- _Assigned task_: No pictures belong in the copy. Retype exactly, and only, the stretch of lines below from the one with "SX-BPS, British Aerospace ATP-F, Air Go" through the one with "Cover image for".

=== Records provided ===

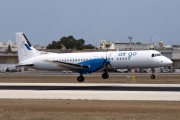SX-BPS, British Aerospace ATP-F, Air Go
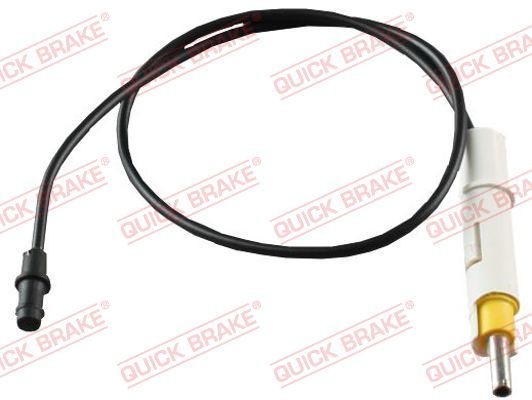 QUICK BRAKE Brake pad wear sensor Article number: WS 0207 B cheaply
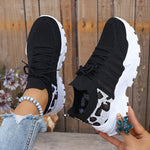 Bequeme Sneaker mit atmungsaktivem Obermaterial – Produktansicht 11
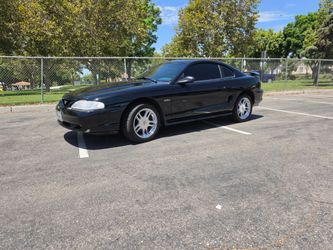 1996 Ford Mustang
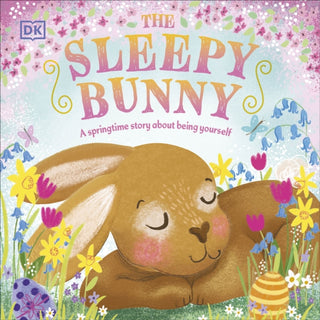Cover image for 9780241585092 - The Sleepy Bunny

===
=== Records provided ===

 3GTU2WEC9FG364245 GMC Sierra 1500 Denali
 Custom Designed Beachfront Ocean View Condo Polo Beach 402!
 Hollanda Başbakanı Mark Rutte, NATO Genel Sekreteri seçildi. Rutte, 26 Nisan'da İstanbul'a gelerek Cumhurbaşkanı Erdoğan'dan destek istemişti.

===

- _Answer area_:
SX-BPS, British Aerospace ATP-F, Air Go
 QUICK BRAKE Brake pad wear sensor Article number: WS 0207 B cheaply
 Bequeme Sneaker mit atmungsaktivem Obermaterial – Produktansicht 11
 1996 Ford Mustang
Cover image for 9780241585092 - The Sleepy Bunny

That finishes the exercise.